━━ DATASET SECTION ━━

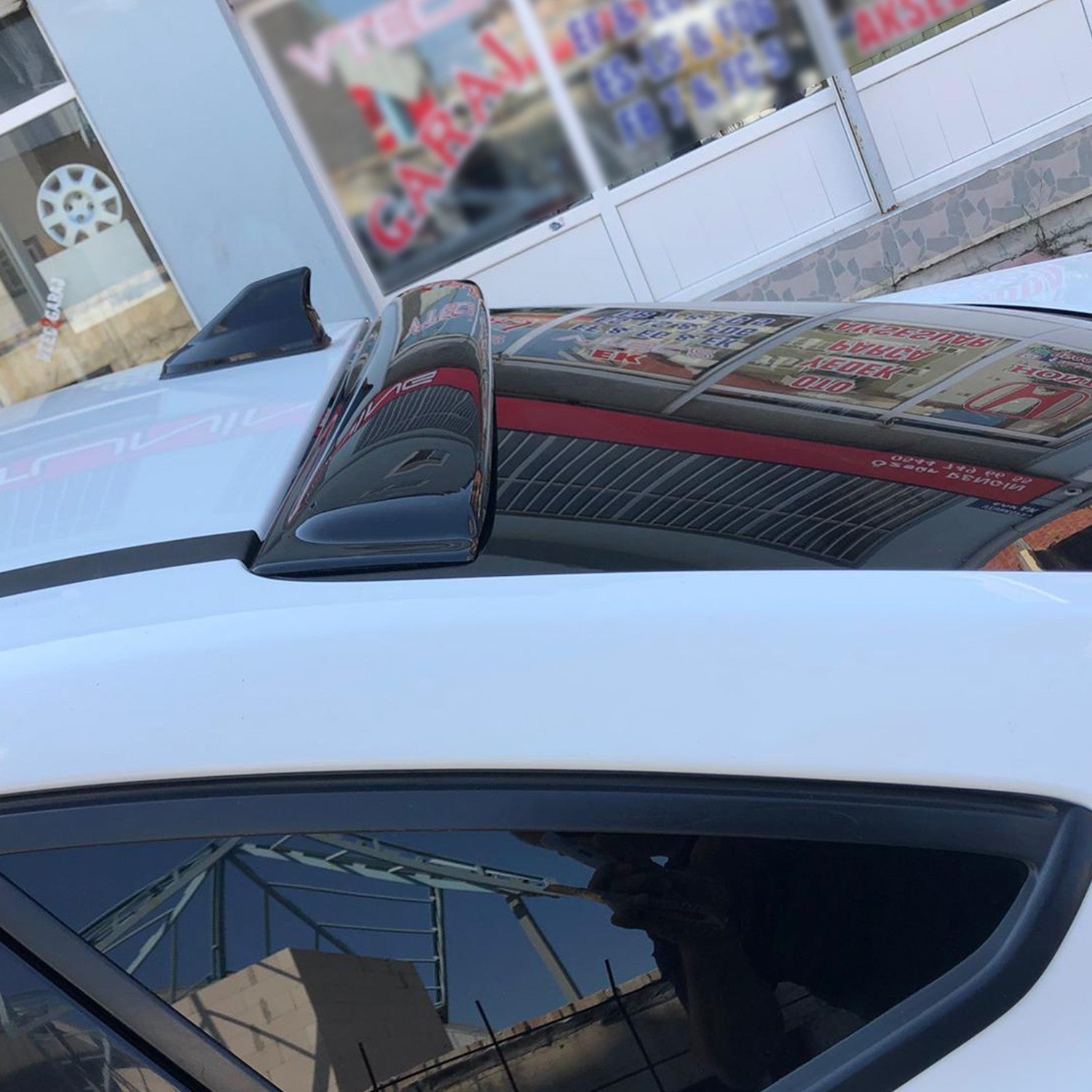 Ford Focus 2011 - 2018 Rear Window Spoiler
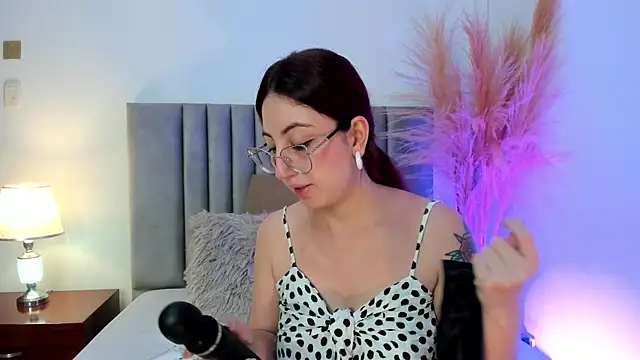 Emilywatsonn online show from February 10, 11:46 am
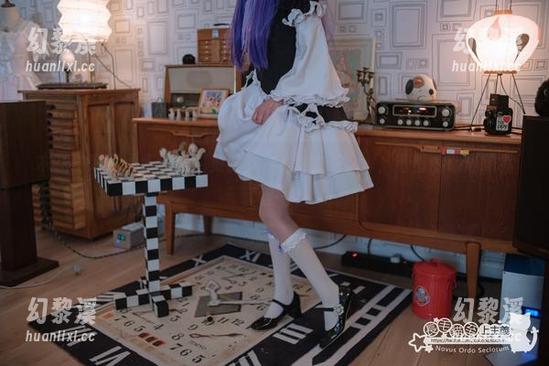 木花琳琳是勇者的图包更新，别样丝袜Play，羞羞的心思略显窘迫……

━━━

When repeating the listing, keep each line exact and exclude the pictures.

 Ford Focus 2011 - 2018 Rear Window Spoiler
 Emilywatsonn online show from February 10, 11:46 am
 木花琳琳是勇者的图包更新，别样丝袜Play，羞羞的心思略显窘迫……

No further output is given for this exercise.